‘Don’t Ask’ Discharges

As mentioned two weeks ago, Barack Obama announced that he remains committed to scrapping the Pentagon’s 16-year-old “Don’t Ask, Don’t Tell” policy, which was implemented in 1993 by President Bill Clinton. The policy itself weakened the military’s historic ban on homosexuals serving in the military. One of the arguments used by homosexual activists trying to overturn DADT is that discharging openly homosexual soldiers threatens national security by significantly reducing troop numbers. As so often occurs with leftist arguments, once facts are checked, the argument falls apart.

In examining the latest data on military discharges, it turns out that the number of military personnel discharged for homosexuality was less than 1 percent of the total number discharged for all other reasons. For example, according to Pentagon numbers for 2008, some 634 soldiers were discharged for homosexuality, which is only 0.338 percent of the 187,331 total discharges in 2008. Got that? One-third of 1 percent of all discharges was for violating DADT, and that number has remained consistent over the years.
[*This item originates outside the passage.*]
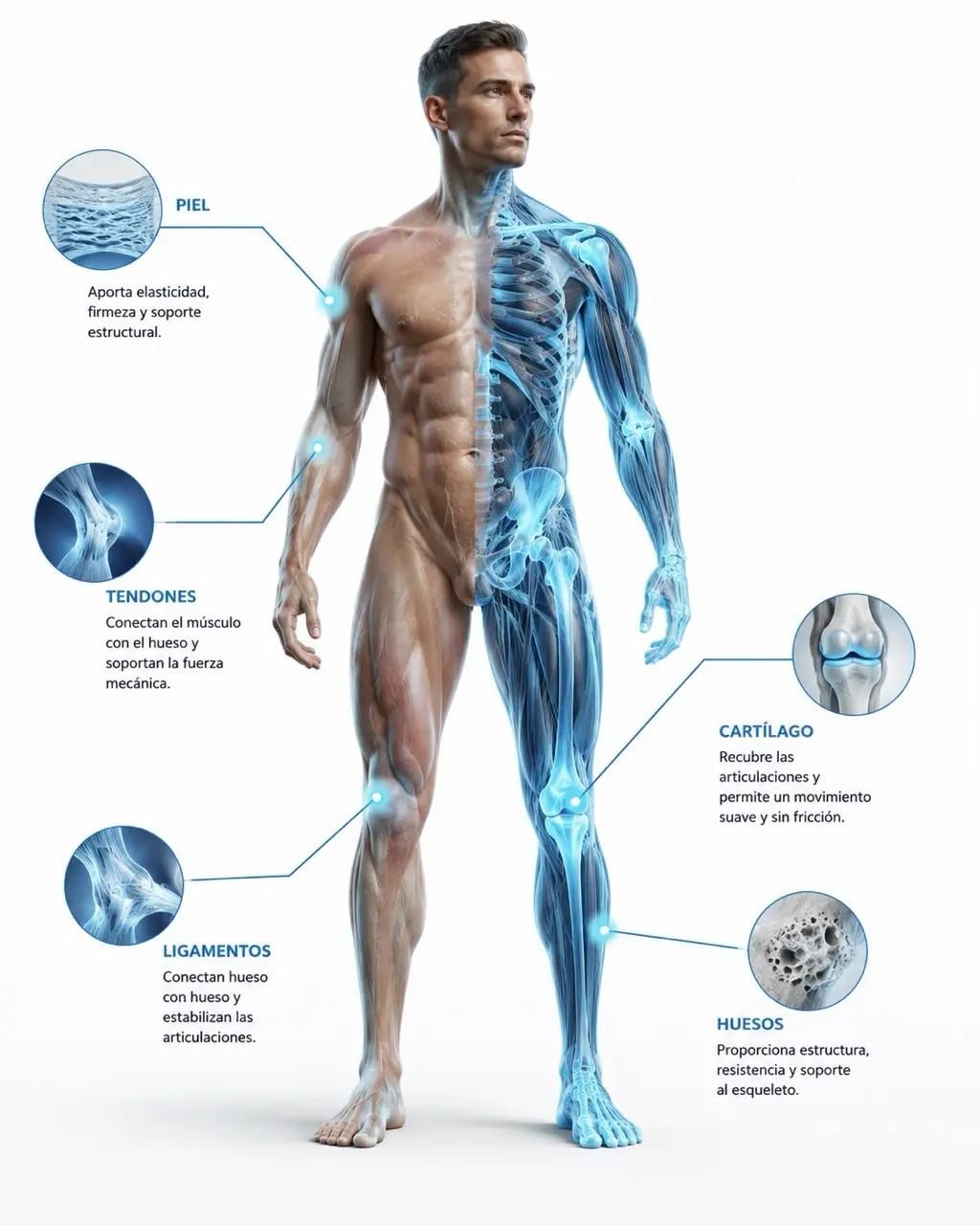 Ilustracion anatomica que muestra el colageno en piel, tendones, ligamentos, cartilago y huesos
So, while the actual affect of these discharges on the U.S. military is negligible, according to homosexual activists, this loss threatens national security.

What actually threatens our national security is the loss of military discipline, cohesion and moral standing that occurs when agenda driven pressure groups and spineless lawmakers attempt to “normalize” an abnormal behavior in the ranks — a fact recognized by our Founders. During the Revolutionary War, General George Washington had homosexuals drummed out of the ranks and punished; Thomas Jefferson authored a bill proposing castration as a punishment for sodomy; and the Continental Congress directed that American officers “discountenance and suppress all dissolute, immoral, and disorderly practices,” which included sodomy. Ah, but there’s nothing like “evolving standards.”